Stored data
[Start of section]
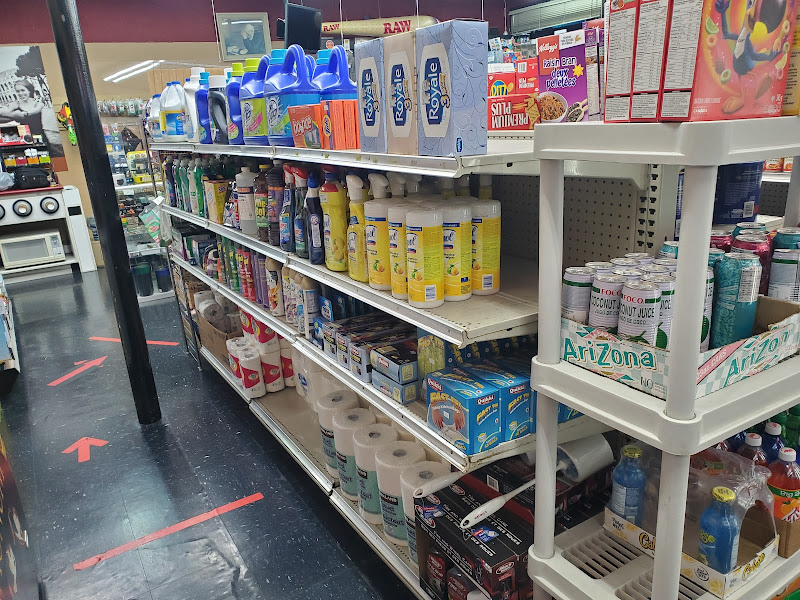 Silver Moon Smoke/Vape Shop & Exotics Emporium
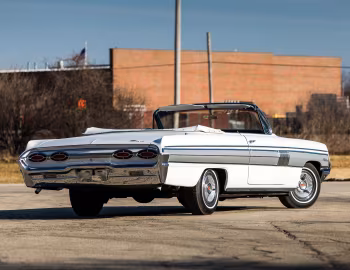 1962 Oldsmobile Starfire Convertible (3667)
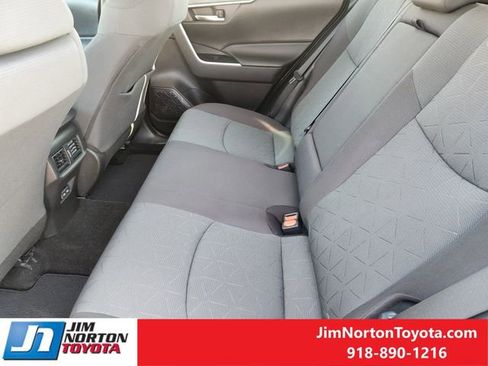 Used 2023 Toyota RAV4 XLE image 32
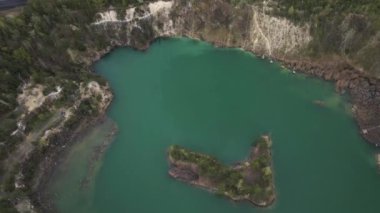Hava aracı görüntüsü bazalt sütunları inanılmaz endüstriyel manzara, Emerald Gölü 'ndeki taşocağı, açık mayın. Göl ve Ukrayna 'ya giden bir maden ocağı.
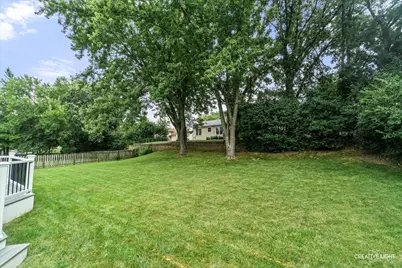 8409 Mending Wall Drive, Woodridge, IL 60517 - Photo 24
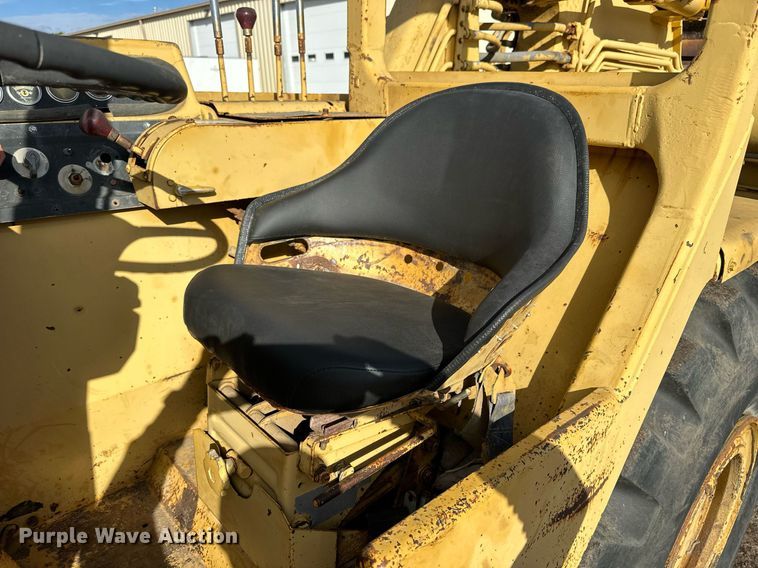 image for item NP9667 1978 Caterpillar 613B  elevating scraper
[End of section]
=== Task brief ===
Without the pictures, retype all of the data above exactly.

=== Exercise answer ===
 Silver Moon Smoke/Vape Shop & Exotics Emporium
 1962 Oldsmobile Starfire Convertible (3667)
 Used 2023 Toyota RAV4 XLE image 32
Hava aracı görüntüsü bazalt sütunları inanılmaz endüstriyel manzara, Emerald Gölü 'ndeki taşocağı, açık mayın. Göl ve Ukrayna 'ya giden bir maden ocağı.
 8409 Mending Wall Drive, Woodridge, IL 60517 - Photo 24
 image for item NP9667 1978 Caterpillar 613B  elevating scraper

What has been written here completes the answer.